**WHAT NEEDS TO BE DONE**
Copy, exactly as written, the lines that begin at the one containing "I Am Amazing" and end at the one containing "Ergebnisse im Badminton". Skip any pictures in the data below.

*** DATASET CONTENT ***

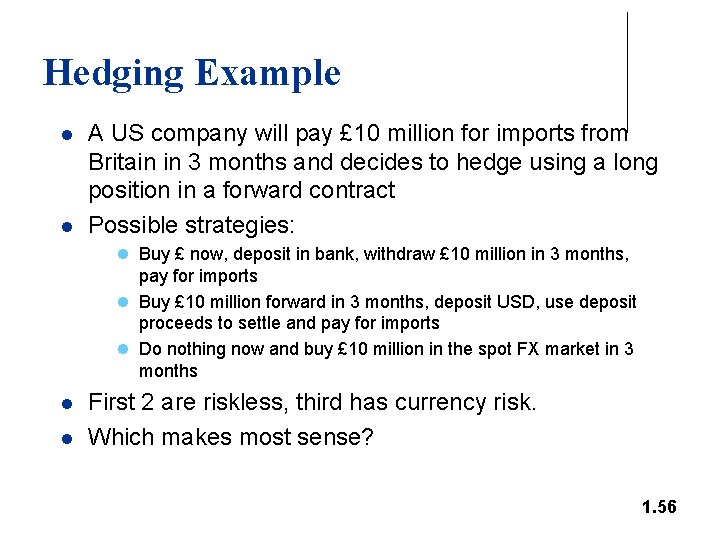 Hedging Example l l A US company will pay £ 10 million for imports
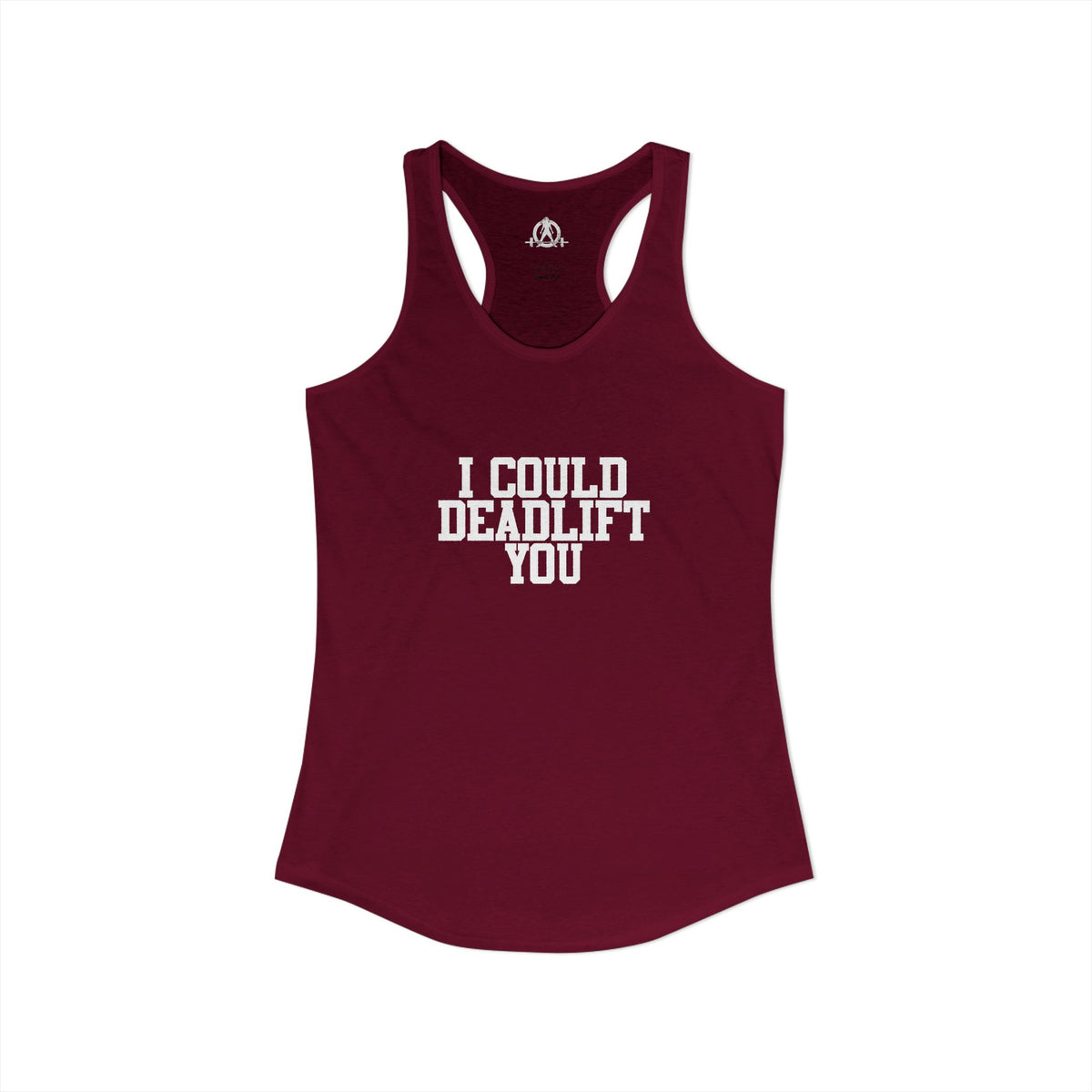 I Could Deadlift You - Women's Ideal Racerback Tank - White Logo - Plain Back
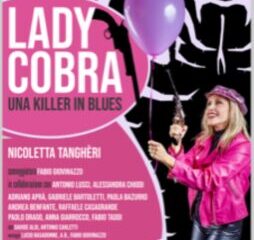 PRESTO NELLE SALE LADY COBRA – UNA KILLER IN BLUES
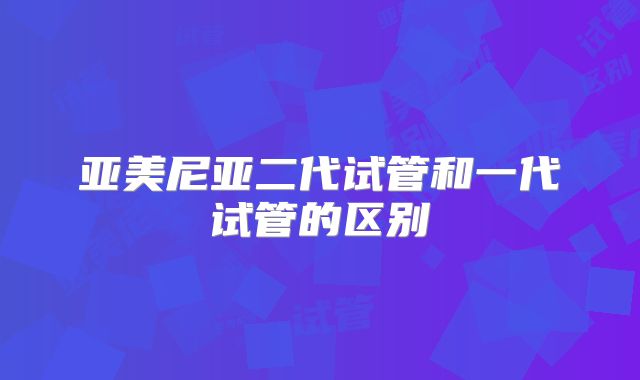 亚美尼亚二代试管和一代试管的区别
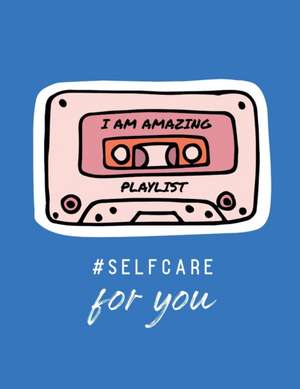 I Am Amazing Playlist Self Care For You de Patricia Larson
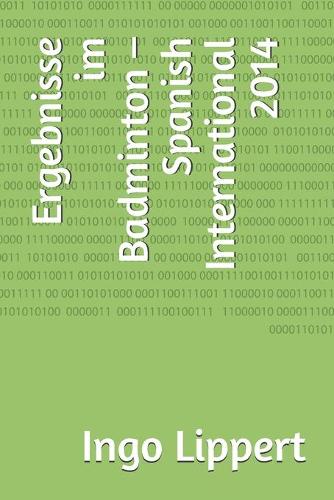 Ergebnisse im Badminton - Spanish International 2014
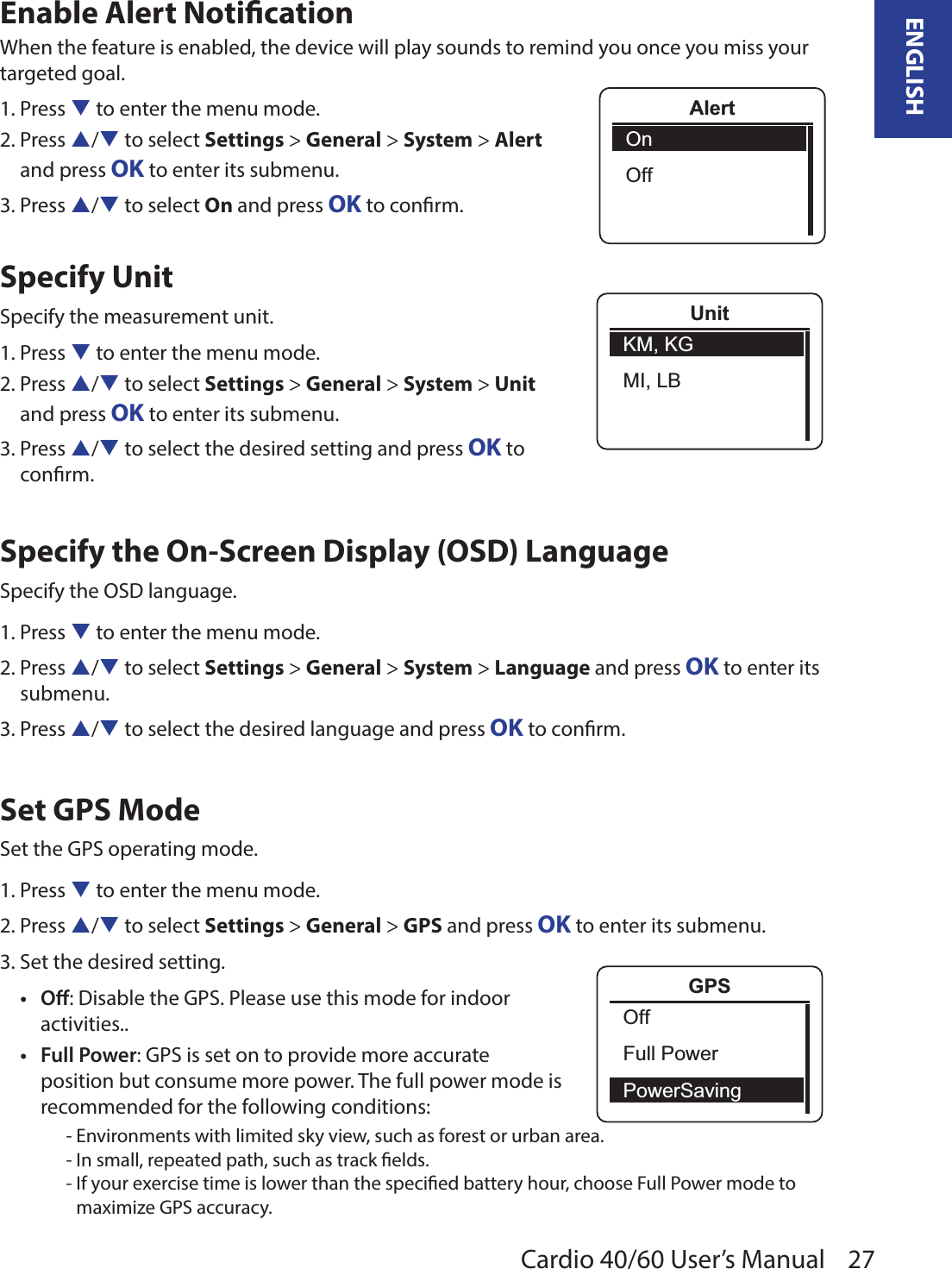 27ENGLISHCardio 40/60 User’s ManualAlertOnOffEnable Alert NoticationWhen the feature is enabled, the device will play sounds to remind you once you miss your targeted goal. 1. Press q to enter the menu mode.2. Press p/q to select Settings &gt; General &gt; System &gt; Alert  and press OK to enter its submenu.3. Press p/q to select On and press OK to conrm.Specify UnitSpecify the measurement unit.1. Press q to enter the menu mode.2. Press p/q to select Settings &gt; General &gt; System &gt; Unit  and press OK to enter its submenu.3. Press p/q to select the desired setting and press OK to  conrm.Specify the On-Screen Display (OSD) LanguageSpecify the OSD language.1. Press q to enter the menu mode.2. Press p/q to select Settings &gt; General &gt; System &gt; Language and press OK to enter its submenu.3. Press p/q to select the desired language and press OK to conrm.Set GPS ModeSet the GPS operating mode.1. Press q to enter the menu mode.2. Press p/q to select Settings &gt; General &gt; GPS and press OK to enter its submenu.3. Set the desired setting.O• : Disable the GPS. Please use this mode for indoor activities..Full Power• : GPS is set on to provide more accurate position but consume more power. The full power mode is recommended for the following conditions: - Environments with limited sky view, such as forest or urban area.- In small, repeated path, such as track elds.- If your exercise time is lower than the specied battery hour, choose Full Power mode to maximize GPS accuracy.UnitKM, KGMI, LBGPSOffFull PowerPowerSaving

*** End of DATASET CONTENT ***

**WRITTEN SOLUTION**
 I Am Amazing Playlist Self Care For You de Patricia Larson
 Ergebnisse im Badminton - Spanish International 2014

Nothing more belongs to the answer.